Chucking It All Vacariously

Dear Will:

You know that feeling you get when you have 8,000 things you ought to do but the only thing you want to do is watch the ballgame? When your list is so long that you want to tell it “so long”? I’ve been feeling that way a lot lately.

There was a moment today when I was talking on my desk phone, another call was coming in on the second line, and my cell phone began to ring. At the time, I was staring at my email inbox, at the 60 or 70 unread messages and the 40 others on which I need to follow up. I pondered the clutter that surrounded me. And I thought how nice it would be to simply get up, walk out, and not come back.

Henry David Thoreau followed that same urge when he went off to live in the woods for a couple of years. He said he went there to live “deliberately.” Afterwards he said the following:

I learned this, at least, by my experiment: that if one advances confidently in the direction of his dreams, and endeavors to live the life which he has imagined, he will meet with a success unexpected in common hours. He will put some things behind, will pass an invisible boundary; new, universal, and more liberal laws will begin to establish themselves around and within him; or the old laws be expanded, and interpreted in his favor in a more liberal sense, and he will live with the license of a higher order of beings. In proportion as he simplifies his life, the laws of the universe will appear less complex, and solitude will not be solitude, nor poverty poverty, nor weakness weakness. If you have built castles in the air, your work need not be lost; that is where they should be. Now put the foundations under them.
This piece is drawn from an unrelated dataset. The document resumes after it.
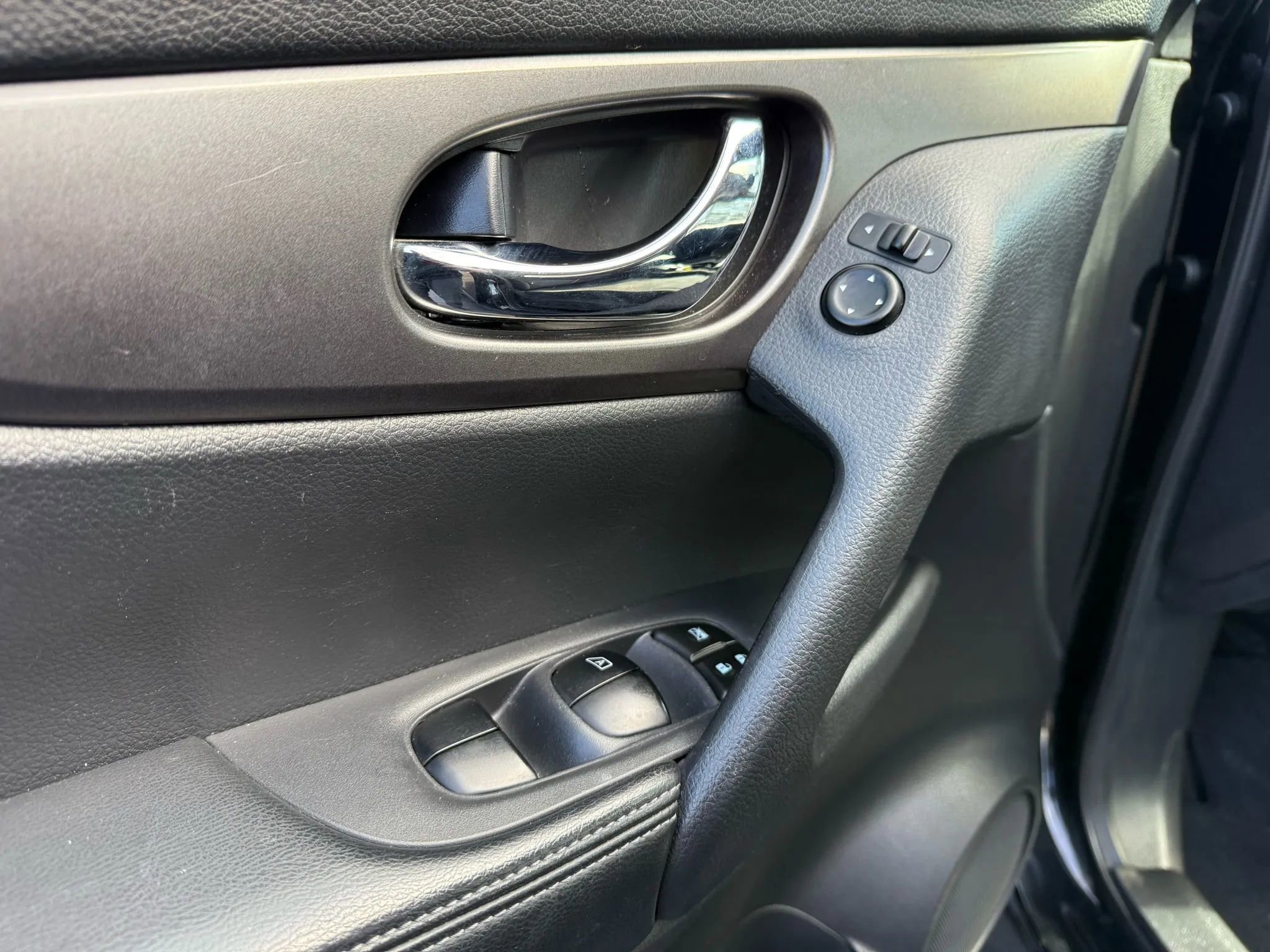 Used 2016 Nissan Rogue SV image 21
I fell in love with Walden when I was in high school, for the same reason that he appeals to me now over 20 years hence: Thoreau puts into beautiful prose words of inspiration and aspiration, and if I lack the disposition to chuck it all and head to the woods, at least through Walden I have the option of doing so vicariously.  And rereading this passage reminds me that my next rereading is long overdue. Now I don’t presume to foist Henry David upon you—I have learned over the years that he is an acquired taste. But I figure it couldn’t hurt any of us—myself especially—to be reminded of the benefits of a simpler existence.

It’s probably wishful thinking—correction: it is wishful thinking; but even wishful thinking can be constructive if not done to excess. So I’ll end this brief lament with a few more ascendant words from HDT, words which remind us that there is more to life than the mundane details that preoccupy and distract us from day to day: “Only that day dawns to which we are awake. There is more day to dawn. The sun is but a morning star.”